Measuring public sentiment against airstrikes on Syria by counting how many people turn up to protest would be foolish. Of the thousands who took to the streets across the UK to oppose the airstrikes, there were thousands more who could not or did not want to attend.

A YouGov poll published on Wednesday showed declining public confidence in the case for airstrikes. Last week, 59% of Britons backed the action but now the figure has declined to 48% – this is 5 million voters. And those who voted Labour in the last general election have switched from backing military action by 52% to 26% a week ago, to opposing it by 42% to 35%.

Simon, 35, Hatfield, Hertfordshire: Protests make no difference. Debates make no difference. Expert opinion and select committees make no difference. All of the participants have made up their minds, probably long ago. I don’t know whether that’s because they’re influenced by factors we aren’t told much about – arms deals being the obvious one – or something less sinister. But does anyone expect the debate in parliament to change anyone’s minds? The last time there was a mass anti-war protest, it only resulted in a massive crackdown on protests.

Without other forms of intervention, it’s a vanity action, which we all know will make little positive difference to the political or social situation on the ground and is likely to entrench us in another impossible situation that becomes our fault, as well as probably making the UK less safe.

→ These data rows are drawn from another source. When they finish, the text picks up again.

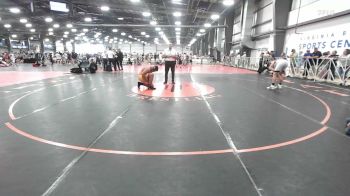 230 lbs Rr Rnd 2 - Logan Sopic, 4M Strength - MS vs Robert Gosbin, Scrapyard Dawgs - MS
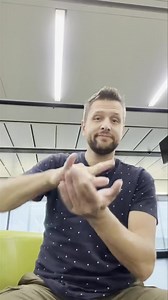 124K views · 7.2K reactions | Fly to Africa soon | Sign Language of the Deaf World | Facebook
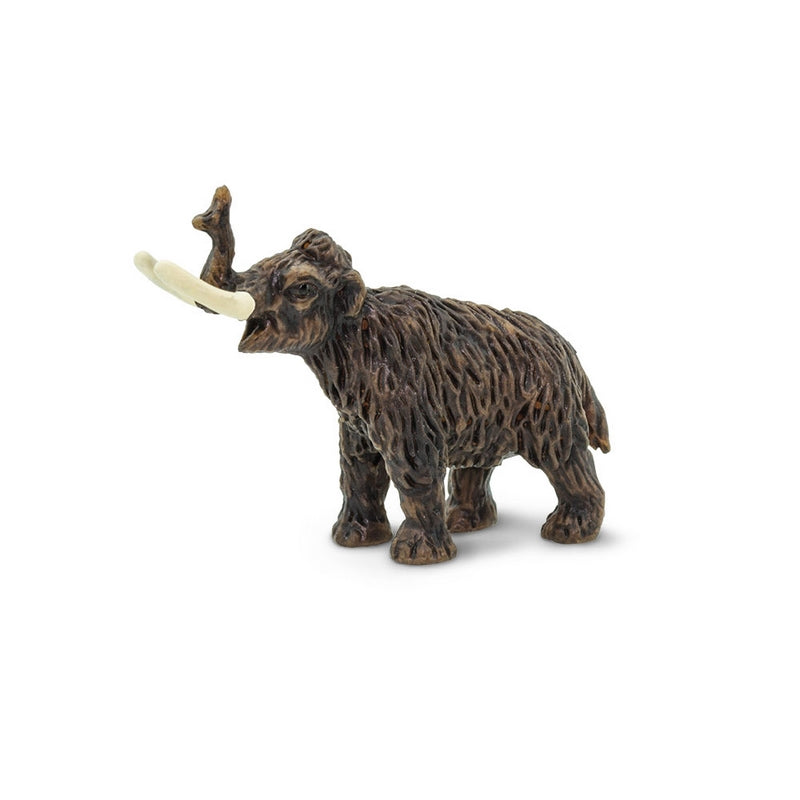 Safari Ltd Woolly Mammoths Good Luck Minis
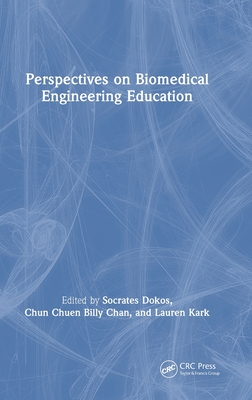 Perspectives on Biomedical Engineering Education-cover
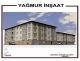 Satlık Apart daireler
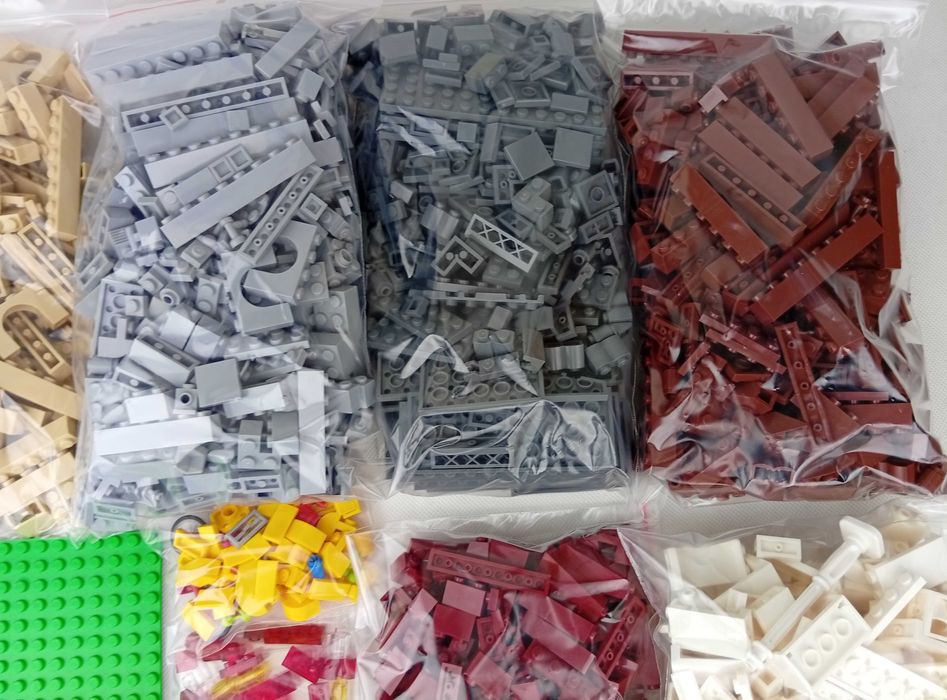 LEGO Creator Expert 10182 Cafe Corner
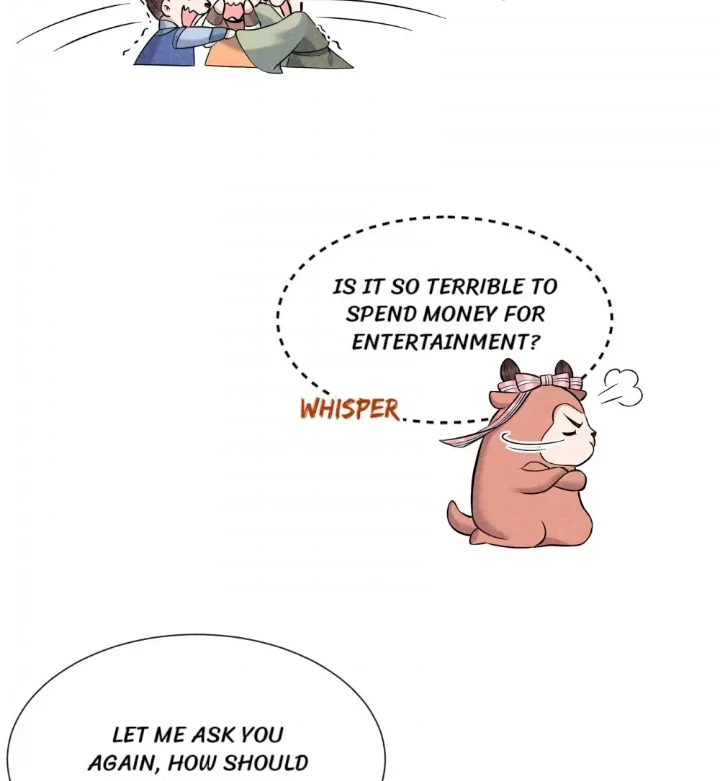 The Man Who Became King Chapter 77 - page 27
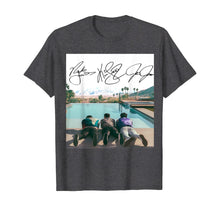 Load image into Gallery viewer, Funny shirts V-neck Tank top Hoodie sweatshirt usa uk au ca gifts for Retro Cool Brothers Gifts Happiness Lovers For Men And Women T-Shirt 137550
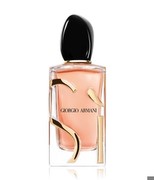 Armani Sì Intense Parfumērijas ūdens uzpildāms 100 ml Armani Sì Intense Parfumērijas ūdens uzpildāms 100 ml
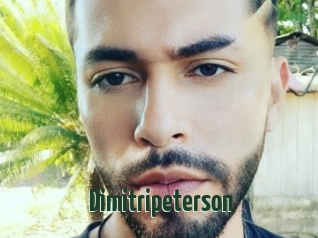 Dimitripeterson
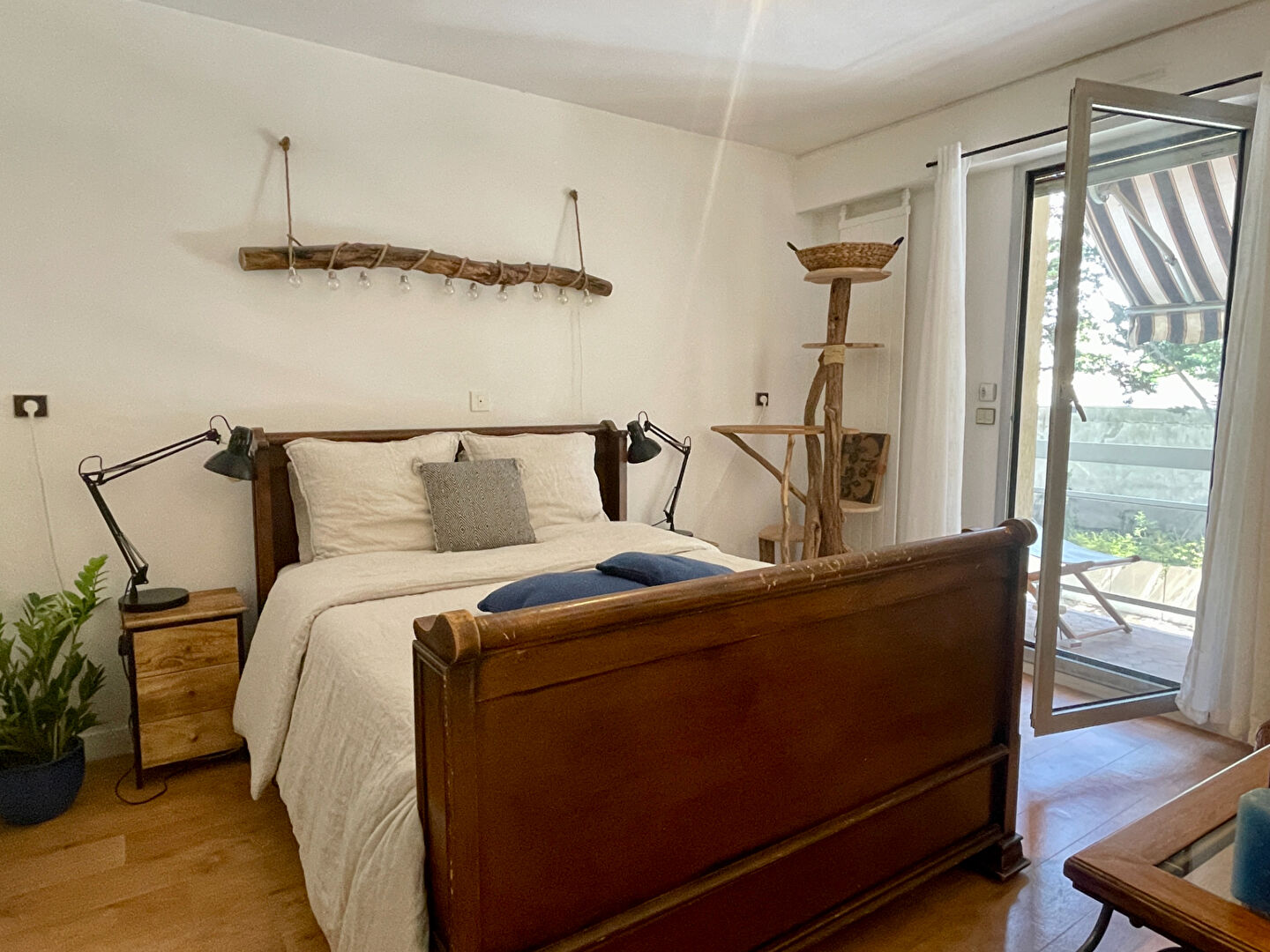 Photo Appartement Tours 2 pièces image 5/6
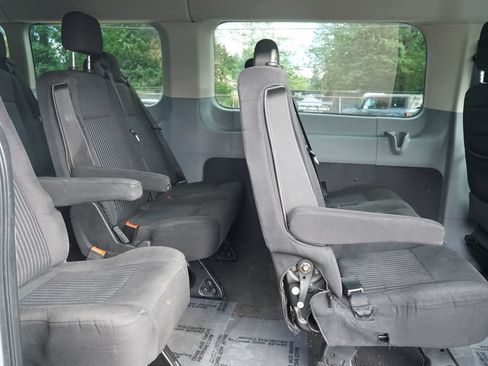 Used 2017 Ford Transit 350 XLT RWD image 22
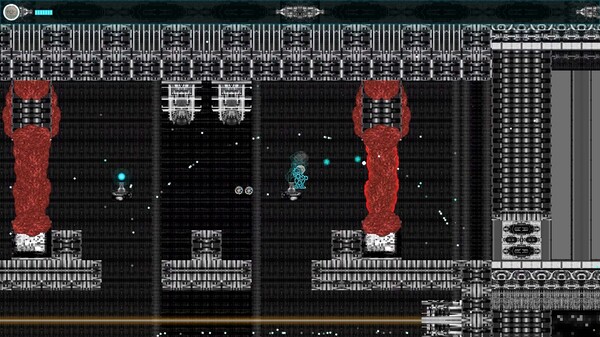 Quantum Curse screenshot 1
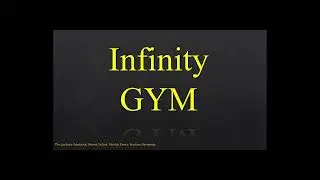Infinity GYM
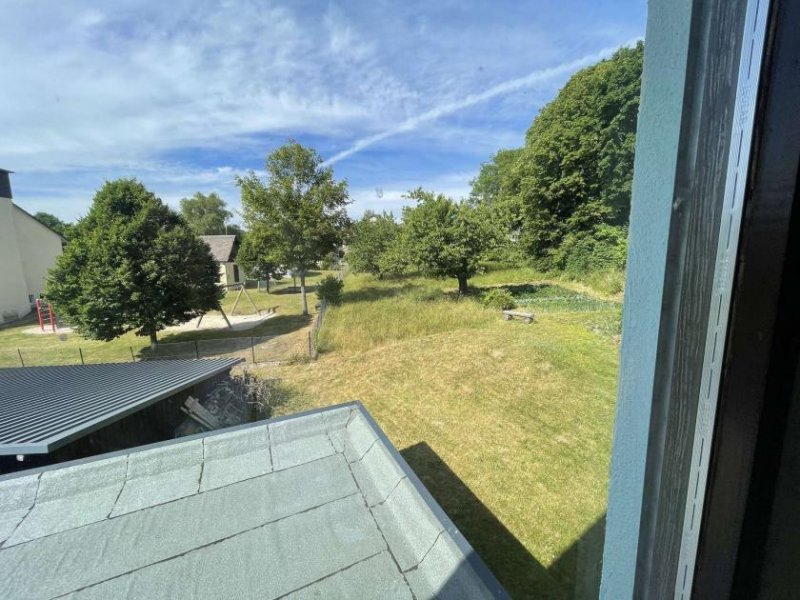 Bad Steben 1-3 Familienhaus mit großem Grundstück bei Bad Steben Haus kaufen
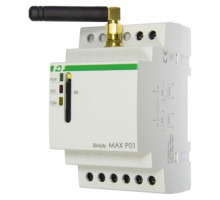 SIMply MAX Р01 12V NEW! Реле дистанционного управления GSM серии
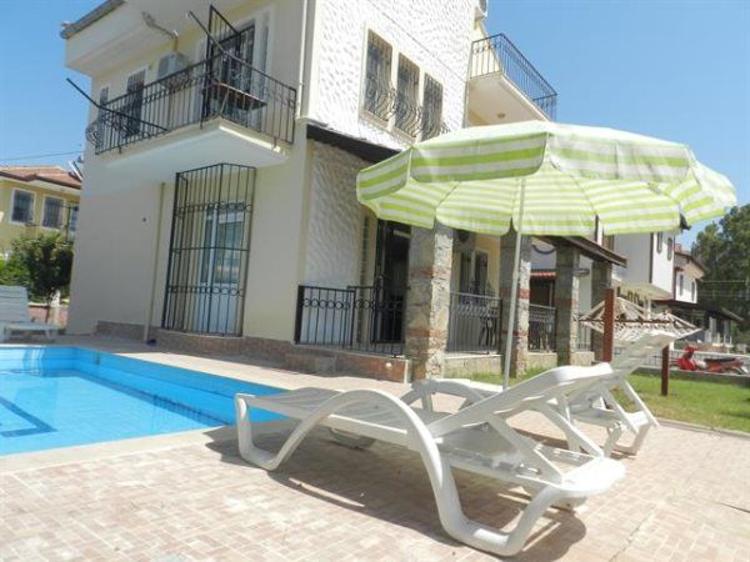 Fethiye Villa Özkan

Dawny, 72, London: There must be more effective ways of protesting. I marched in London in support of the miners in the 1980s and I experienced the mockery of onlookers. And they were right to mock. Standing in the rain on a cold winter day waving a placard will do little except amuse those secure in a warm office observing the antics of the plebs.

Who, exactly, are the forces going to bomb? The extremists are likely to be indistinguishable from the innocent. Or are they considered acceptable collateral damage? I am against the proposed bombing campaign in Syria. There is little evidence that such action would reduce the chance of further attacks similar to that seen in Paris.

Darren, 35, London: I don’t doubt there is a huge number who feel passionately against these airstrikes, but also feel that protest is a pointless activity. Recent anti-war protest in this country has been ignored by Labour and Conservative governments alike.

We find ourselves in a cycle of government-sanctioned violence against organised terrorism. Strikes will mean this cycle continues, increasing anti-west sentiment and sowing hatred that will last for generations. As worrying to me is disenfranchisement regarding our reaction to the perceived threat of Isis – after Iraq and Afghanistan I hope that public weariness of ineffectual military action will influence a move against conflict.

Mysia, 39, Witney, Oxfordshire: I am a single, working mother of a child with special needs. I have used up all my annual leave days from work, and it’s nearly Christmas. I simply can’t drop everything to go and protest – this isn’t just the protests over the airstrikes, but also over all the other rubbish that this government is doing.

I am against airstrikes and I don’t see how they will achieve anything without ground support. And there are bound to be innocent civilian casualties.

Nicola, 27, London: I don’t feel that my presence will have any impact, and I also fear that protests tend to end up aggressive or violent, which I don’t want to be associated with. There should be a better way for me to share my views than standing outside for a bit with a placard.

I don’t believe that attacking a country is the correct solution to deal with Isis. I think bombing has the potential to push vulnerable people towards Isis or to extremism. These are people who are living in fear, in a war zone, fearing for their lives and their families’ lives. People who don’t want to live like this – virtually everyone – will want to flee. We will reject them, and they will have nowhere to turn to.

Richenda, 29, Cambridgeshire: I am more cautious about protesting these days because police brutality has gotten out of hand. I do what I can online instead. I also don’t have time as I’m juggling three jobs and full-time study.

I’ve only been on anti-austerity and funding cuts demonstrations, and counter marches against the BNP. They are usually friendly and fun. The only negative experience is being scared of the police suddenly doing something like charging at trapped protesters on horseback. Also, the frustration of having a completely peaceful event and then going home to find that the media have under-reported the number of people present and have found some isolated skirmish somewhere and used that to represent the full demonstration.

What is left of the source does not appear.